Heteronormativity in health care is harmful for LGBTQ+ patients – and a source of tension for queer and trans doctors

Members of the lesbian, gay, bisexual, transgender and queer community have long experienced prejudice in medical settings. This can range from microaggressions, such as comments that a patient doesn’t “look” queer or trans, to outright discrimination like denial of care. Combined with living in a society where LGBTQ+ people are routinely subjected to discrimination and bigotry, many patients choose not to disclose their sexual or gender identities to medical providers or not to seek care at all.

Even among medical providers who practice some form of cultural competency – an awareness of and respect for differences across cultures – and are accepting of LGBTQ+ patients, unconscious biases can shape how they understand and talk to and about LGBTQ+ patients and issues. No one leaves their cultural baggage at the clinic door.

I am a medical anthropologist who researches LGBTQ+ health and health disparities. I have paid special attention over the past decade to how a particular kind of bias called heteronormativity shapes how health care providers deliver care and practice medicine.

Heteronormativity refers to a cultural bias that presumes heterosexuality is the natural and normal default state of all people. Under this worldview, cisgender male and female bodies are treated as complementary opposites that are “meant” to fit together. Heteronormativity is pervasive in contemporary societies and is easily visible in social norms about gender relations, gender roles, sexual attraction and kinship and family.

An example of heteronormativity I have personally experienced in multiple settings is being asked if I have a wife. That question is heteronormative because it presumes the person is heterosexual and requires them to “come out” as not being straight to correct the bias.
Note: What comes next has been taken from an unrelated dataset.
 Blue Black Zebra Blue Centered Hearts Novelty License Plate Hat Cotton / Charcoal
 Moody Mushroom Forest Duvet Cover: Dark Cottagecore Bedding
Deviations from heterosexuality have historically been considered pathological. Homosexuality was removed from the list of diagnostic mental illness categories only in the 1970s. Despite that change, some contemporary conservative discourses continue to pathologize LGBTQ+ people as dangerous and abnormal and consider the heterosexual nuclear family as the ideal social arrangement. This perspective is known as heterosexism.

 

While heteronormativity is largely implicit and unconscious, heterosexism is explicit and considers heterosexuality to be morally superior. Heteronormativity might involve asking questions that assume a patient is heterosexual, but heterosexism would deny patients care altogether.

Homophobia – a disgust, hatred or prejudice toward queer people – often stems from heteronormativity or heterosexism. Sometimes homophobia is unintentional, and people don’t immediately recognize that something they said or did is homophobic. Other times, people deliberately intend to express bigotry.
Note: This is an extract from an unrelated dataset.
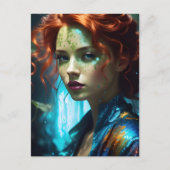 Mooie roodharige vrouw briefkaart (Voorkant)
Like other forms of prejudice such as racism and ableism, people are socialized into homophobia, heteronormativity and heterosexism. Even members of the groups that are being targeted and marginalized with these forms of prejudice can internalize them. When these cultural norms and values are internalized, they become biases like heteronormativity.

Cultural norms and values, of which heteronormativity is one, are deeply ingrained and form personal and societal worldviews. These attitudes shape individuals’ thought and behavior and social institutions such as health care. So it is unsurprising that heteronormative biases are just as pervasive in medical settings as they are in other areas of society.